Perhaps one of the most influential modern era poets was Edwin Arlington Robinson. His works involved a wide use of irony and the characteristics of human nature. A major theme that Robinson incorporated within his poems was failure, along with the reaction that occurred within human nature as a result of experiencing this loneliness and separateness. Some say that he was someone that understood it the best: the feeling of alienation, separation from society, and the depression that followed. As a child, Robinson was a quiet and shy individual who had an early fascination with words. Compared to his brothers, he was awkward, timid, and people presumed that he would no doubt be a failure when he grew to become an adult. Perhaps from this feeling of loneliness and isolation came the major theme for his works. The sadness in human beings is helpless: they need recognition, sympathy, and compassion, and humans long for a reaching hand before they fall into a dark, bottomless abyss of despair. “human beings can live without hope, but cannot live believing that no hope ever could have existed.”

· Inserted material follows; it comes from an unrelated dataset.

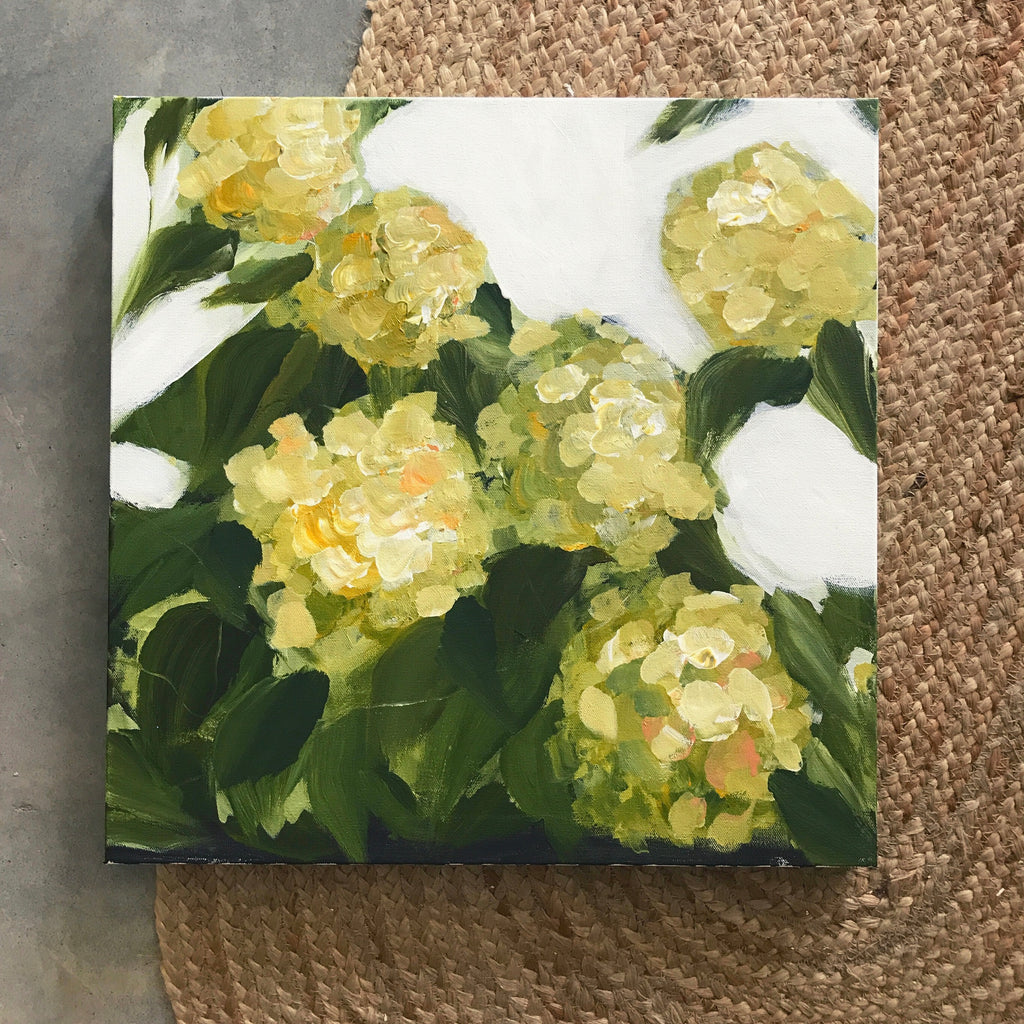 Hydrangeas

Edwin Arlington Robinson was born on December 22, 1869 outside Head Tide, Maine to his mother Mary Palmer Robinson and father Edward Robinson. He remained unnamed for the first six months after being born, during his mother’s recovery from the rough birth. Afterwards, the Robinson Family moved the nearby town of Gardiner, where he spent most of his childhood. From 1891 to 1893, Robinson attended Harvard University, and studied there until his father fell ill two years after. A series of tragic events in Robinson’s life had an influential effect on his poetry: His father’s death in the early 1980s, the panic of 1893, his brother Dean’s morphine addiction, his forced dropout of Harvard due to financial difficulties, and the death of his mother in 1896.
Some examples of his most famous works include “Richard Cory,” “The House on the Hill,” “Haunted House,” “Miniver Cheevy,” in addition to numerous others.